Posted: Mon Feb 27, 2006 2:01 pm Post subject: Incident classification
I am curious how to draw the conclusion that no root cause is being drawn based on what I described. Point being, I'm interested in knowing exactly what you mean. I agree you need to classify the errors to do root cause analysis, but to do that, don't you need to break the error into components? Just curious what exactly you meant there. I obviously simplified what I described and perhaps too much. I don't agree that anyone really can or should take what is being used in one environment and duplicate it in another. Environments and goals differ. I simply posted that in response to a call for examples on how people have classified helpdesk requests.
There ARE best practice guidelines for doing so, many and varied, although most of the basics remain the same. I believe ITIL relies heavily on the six sigma guidelines for incident classification?
My point about "common sense" was probably another over-simplification. The point is that ITIL is yet another set of guidelines for best practice. It's not magic, and while it does have some philosophy differences from other "best practice" guidelines, it basically calls for the use of best practices with a focus on improving customer support, correct? I'm also unaware of any hard and fast rules or materials that indicate, for instance, exactly how one should set up categories for a helpdesk, for example, instead relying on the implementor's application of ITIL principles in light of his/her organizational goals to set these things up.
Using best practices, one needs to break calls into classifications by which metrics can be drawn and RCA be done based upon those as well as other information contained in the ticket, correct? How do you see classification being broken down? I'd like to see some other examples as well in order to discuss the merits of such a system and how it works in practical application. Without good classification, I'm sure we'd all agree that RCA and service improvement in general is a difficult proposition.
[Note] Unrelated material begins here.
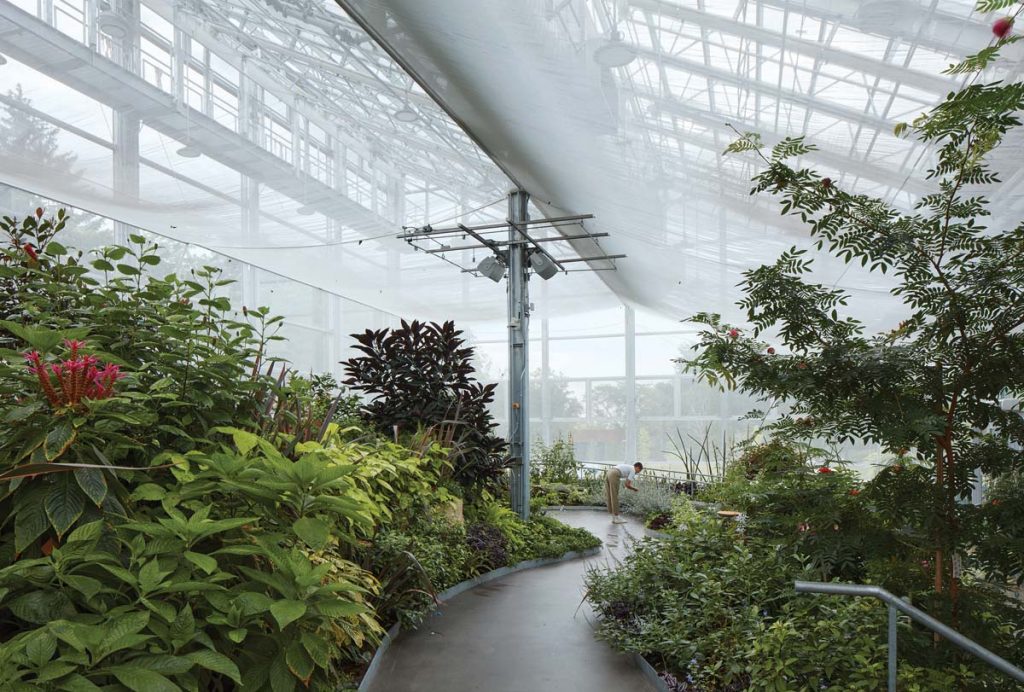 Museum Metamorphosis: Montreal Insectarium, Montreal, Quebec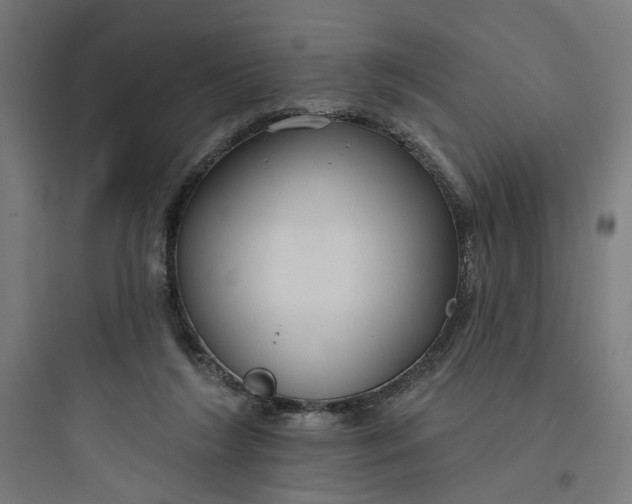 X0000093740212200711061032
Also, if one used ISO guidelines, research from industry leaders (e.g. HDI, Gartner, etc.) is one not better suited and prepared for ITIL implementation? Also, I'd like to hear some input on how to go about and the benefits and pitfalls of trying to implement ITIL for problem management for example, without having organizational commitment to configuration management and the other areas. I'm facing that currently and see problems inherent with the implementation when configuration management in particular is missing. Any help appreciated!
Joined: Mar 12, 2005 Posts: 255 Location: Melbourne, Australia
Posted: Mon Feb 27, 2006 11:06 pm Post subject:
Fair enough. Let me start by saying my post was not intended to be personal or critical. However, on reading it, I think it did come across that way - so apologies. Yes your post was answering the question directly. If I could I would remove the 'caution' sentence, and rephrase a couple of others.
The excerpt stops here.